Sorchaga v. Ride Auto, LLC, A16-0855

Decision Date21 March 2018
Docket NumberA16-0855
Citation909 N.W.2d 550
Parties Esmeralda SORCHAGA, Respondent, v. RIDE AUTO, LLC, et al., Appellants.
CourtMinnesota Supreme Court

Todd Murray, Friedman Iverson, Minneapolis, Minnesota, for respondent.

Robert J. Bruno, Robert J. Bruno, Ltd., Burnsville, Minnesota; and Mark A. Olson, Olson Law Office, Burnsville, Minnesota, for appellants.

Edward F. Kautzer, Ruvelson & Kautzer, Ltd., Roseville, Minnesota, for amicus curiae Northland Independent Auto Dealers Association.

OPINION

GILDEA, Chief Justice.

In this case we are asked to determine whether a seller’s fraudulent statements about the condition and fitness of a vehicle being sold prevent the seller from enforcing disclaimers in purchase documents stating that the buyer purchased the vehicle "as is." The court of appeals concluded that under Minn. Stat. § 336.2-316 (2016), the seller’s fraudulent statements prevented the seller from enforcing the "as is" disclaimers. The court also concluded that the district court did not err when it awarded relief on both fraud and breach of warranty theories. Because we conclude that fraudulent statements about the fitness of a vehicle for the purpose for which it was purchased make "as is" disclaimers ineffective and Sorchaga did not doubly recovery, we affirm.

FACTS

This action arises from respondent Esmeralda Sorchaga’s purchase of a pickup truck from appellant Ride Auto, LLC. Ride Auto purchased the truck from a salvage yard for $6,770, knowing that the truck needed engine repairs.

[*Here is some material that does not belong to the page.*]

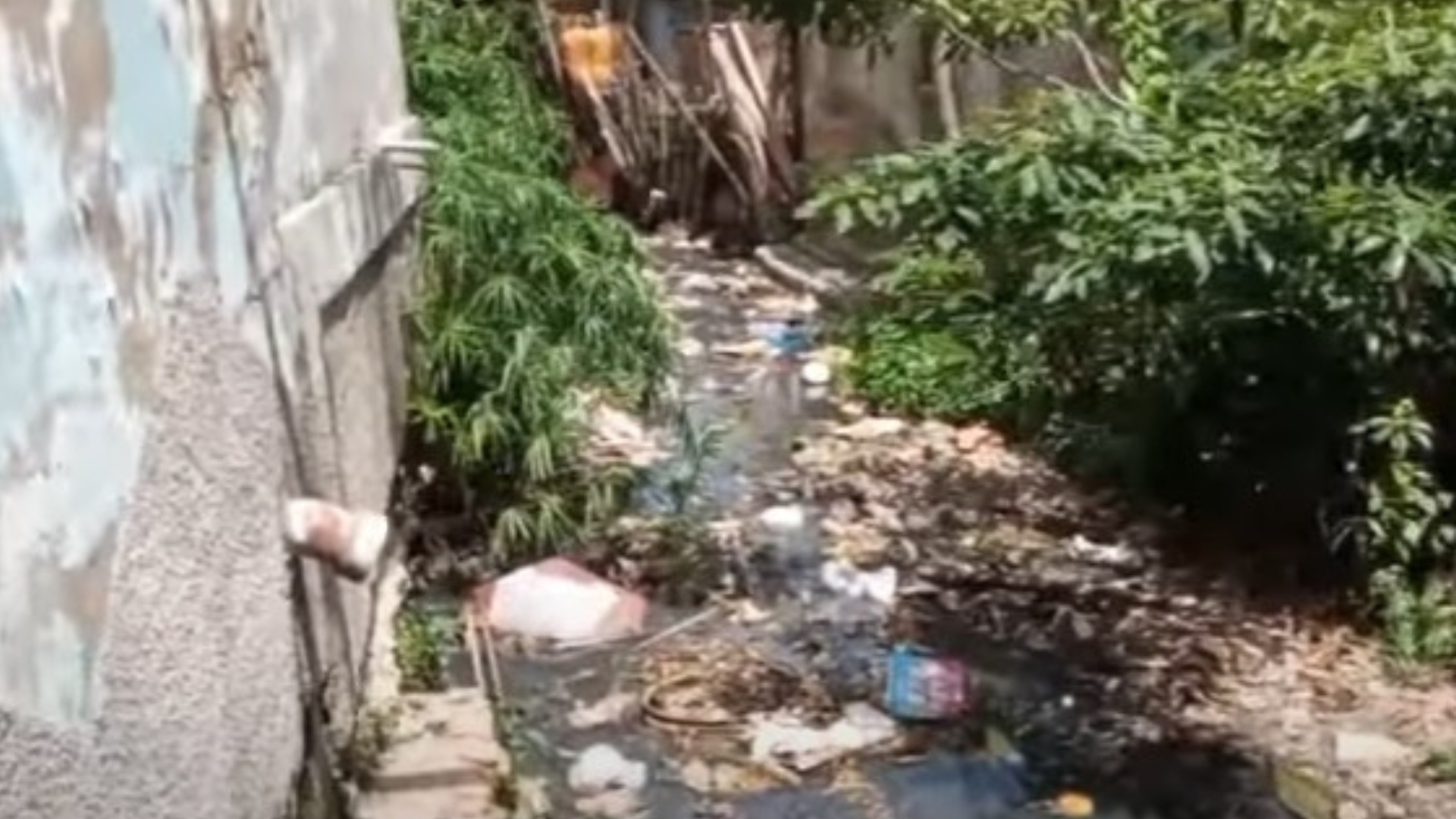 VIDEO: Así se ven las calles de "Cuba libre"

Ride Auto made cosmetic and mechanical repairs sufficient to ensure that the truck would look appealing and drive short distances and then offered it for sale.

Sorchaga was interested in purchasing the truck and took it for a test drive. The length of the test drive was very short because the truck was low on fuel. But during the test drive, Sorchaga noticed that the check-engine light was on. Ride Auto’s salesman told Sorchaga that the light was on because the truck had a faulty oxygen sensor

. He said that the problem could be easily fixed, and that it would not affect the truck’s longevity. The salesman also told Sorchaga that she could drive the truck with the check-engine light on, and if she purchased the truck, she could return to Ride Auto after a couple days to have the truck fixed. Sorchaga also expressed concern about the smoke coming from the tailpipe of the truck. The salesman told her that the truck emitted smoke as it warmed up because the truck had a diesel engine.

Sorchaga asked whether Ride Auto could hook the truck up to a scanner to determine why the check-engine light was on. An owner of Ride Auto stated that Ride Auto could not do that because its mechanic was uncertified. The salesman then told Sorchaga again that a faulty oxygen sensor was the reason the check-engine light was on.

As part of the sales process, Ride Auto told Sorchaga that she would get a third-party warranty, the ASC Vehicle Protection Plan (ASC agreement). Specifically, Ride Auto’s owner told Sorchaga that she would be given the ASC agreement at no cost, and it would allow her to have the truck inspected anywhere. The salesman added that the ASC agreement would also cover needed repairs to the truck at no cost to Sorchaga.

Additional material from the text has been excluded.